=== Data shown ===

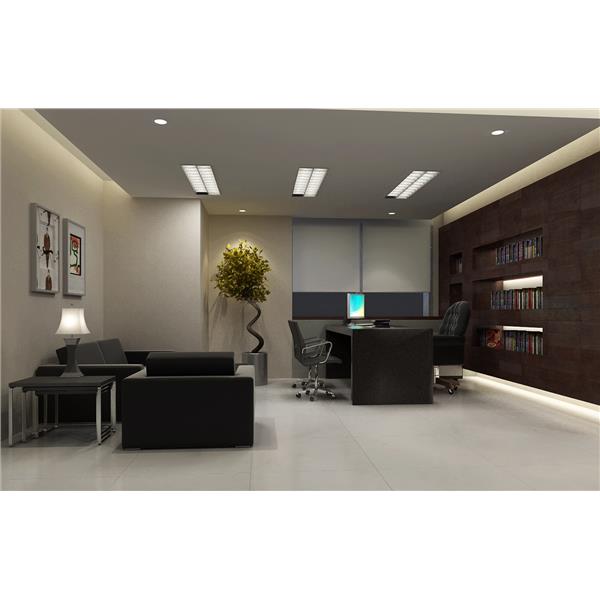 室內設計,日築有限公司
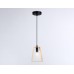Подвесной светильник Ambrella light Traditional Loft TR80497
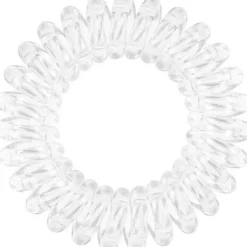 Outlet INVISIBOBBLE Coletero Espiral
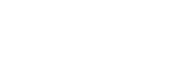 休宁县产品视频拍摄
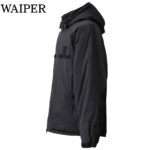 WAIPER.inc ワイパー 再現品 米軍 ECWCS GEN III LEVEL7 PRIMALOFT ジャケット PERTEX UNLIMITED WP1008 リブラセレクトストア libra select store libra-ss LBR 浜松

===

Task prompt:
Beginning with the line that contains "Подвесной светильник Ambrella", print exactly every line through the end of the records, both included. Omit the pictures.

Solution:
Подвесной светильник Ambrella light Traditional Loft TR80497
 Outlet INVISIBOBBLE Coletero Espiral
 休宁县产品视频拍摄
 WAIPER.inc ワイパー 再現品 米軍 ECWCS GEN III LEVEL7 PRIMALOFT ジャケット PERTEX UNLIMITED WP1008 リブラセレクトストア libra select store libra-ss LBR 浜松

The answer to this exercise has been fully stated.